We don’t let kids just figure it out about most things. Any sort of education is promoting an ideology. That would even include a so called open minded education. Such an education promotes as a value open mindedness. But these systems are always self contradictory and defeating because there is always within it the rejection of not only the idea that not being open minded is bad, but also most often specific stances on issues like homosexuality, sex, characteristics of the sexes, race, religion and more.

In regards to the specific issue of religion who would determine what constitutes a major religion? Why only the major religions? Maybe the minor religions haven’t gotten a fair shake? What is the authoritative source for information about a particular religion? All of these issues would be decided by a man or committee of men using their own value system. This is another form of indoctrination. All that is changed is who makes the decision about what will be indoctrinated.
 
I guess he must be a lucky one then, at one of the Parrish’s that we went to they noted the non-Catholic spouses in the directory/communication with asterisks, etc… and not really how our current one seems to operate.

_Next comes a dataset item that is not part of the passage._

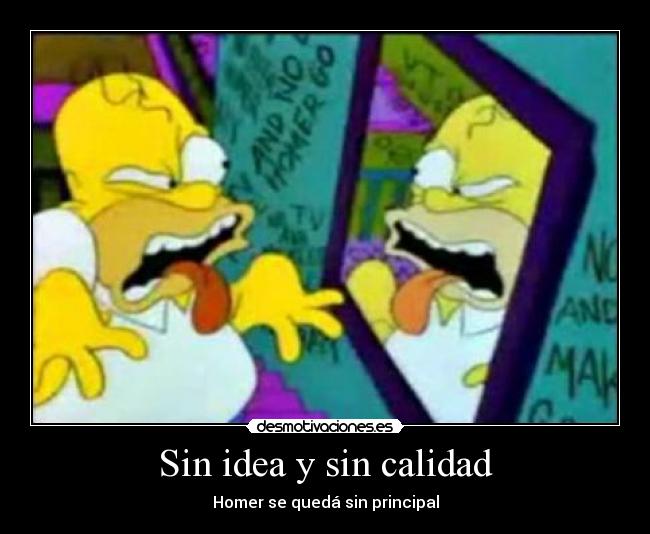 Sin idea y sin calidad -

My wife and I are both in agreement and in today’s day and age of the more common mixed marriage, it would go a long way if there was any way that the Catholic Church passed some sort of olive branch to make the non-Catholic spouses feel more welcome or more part of the Church/service.

If I could change something, that is what it’d be. Now granted, it sounds like I/we haven’t exactly had the best of luck with Parrish’s and their beliefs/regards of non-Catholics either.
Short of receiving communion, what needs to change in the Catholic mass that would make the outsider feel more welcomed. My husband is also not catholic, but when he attends mass with me I truly dont see how he is excluded. He participates in the same prayers, he hears the same readings, gives the same sign of peace that everyone else in the church is also participating in. After the mass he also welcomed to the same coffee hour that other catholic families are also participating in. This is a legitimate question, short of receiving communion…how are outsiders excluded from the Catholic mass?
 
Short of receiving communion, what needs to change in the Catholic mass that would make the outsider feel more welcomed. My husband is also not catholic, but when he attends mass with me I truly dont see how he is excluded. He participates in the same prayers, he hears the same readings, gives the same sign of peace that everyone else in the church is also participating in. After the mass he also welcomed to the same coffee hour that other catholic families are also participating in. This is a legitimate question, short of receiving communion…how are outsiders excluded from the Catholic mass?
I know that question isn’t for me, but from what I’ve read here and on another thread, I believe the complaint is about the people, not about the mass.
 
And to that I’d say, “why would one need to convert to be welcome or does the olive branch need to be conversion”,
That’s a fair question, but you’d have to ask those parishes I guess.
 
Short of receiving communion, what needs to change in the Catholic mass that would make the outsider feel more welcomed. My husband is also not catholic, but when he attends mass with me I truly dont see how he is excluded. He participates in the same prayers, he hears the same readings, gives the same sign of peace that everyone else in the church is also participating in. After the mass he also welcomed to the same coffee hour that other catholic families are also participating in. This is a legitimate question, short of receiving communion…how are outsiders excluded from the Catholic mass?
I agree, both my husbands were converts. My first husband 6 years after we were married and one year before he died in an accident. When we had our 3rd baby baptized, he asked Father what he would have to do to become Catholic. He never felt excluded but he did want to join us in our faith so we would be a “whole family” as he put it. My second husband converted before our marriage. If anyone “feels” excluded in any way I think it is because they know they cannot receive Communion. Sometimes that is what draws them into the Faith, the desire to receive Our Lord. My sister-in-law is from Spain and when her family was visiting her and I was there, they could only speak Spanish. I could not understand them at all so I “felt” excluded. It wasn’t their fault and they were all very nice but unless my sister-in-law told me what they were saying I just sat there listening. Feeling excluded, does not mean you are getting a cold shoulder. Sometimes the situation isn’t the time or place for socializing, such as during Mass. God Bless. Memaw
 
Short of receiving communion, what needs to change in the Catholic mass that would make the outsider feel more welcomed. My husband is also not catholic, but when he attends mass with me I truly dont see how he is excluded. He participates in the same prayers, he hears the same readings, gives the same sign of peace that everyone else in the church is also participating in. **After the mass he also welcomed to the same coffee hour that other catholic families are also participating in. **This is a legitimate question, short of receiving communion…how are outsiders excluded from the Catholic mass?
Well, to start with the bolded, I was not. My wife and children are invited by name to our Parrish’s and past Parrish’s activities/events, but I am not. In the directory and in Church communication the names of non-Catholic “members” are asterisked to indicate such. IMHO, that is pretty exclusionary so I don’t feel welcome at the Church.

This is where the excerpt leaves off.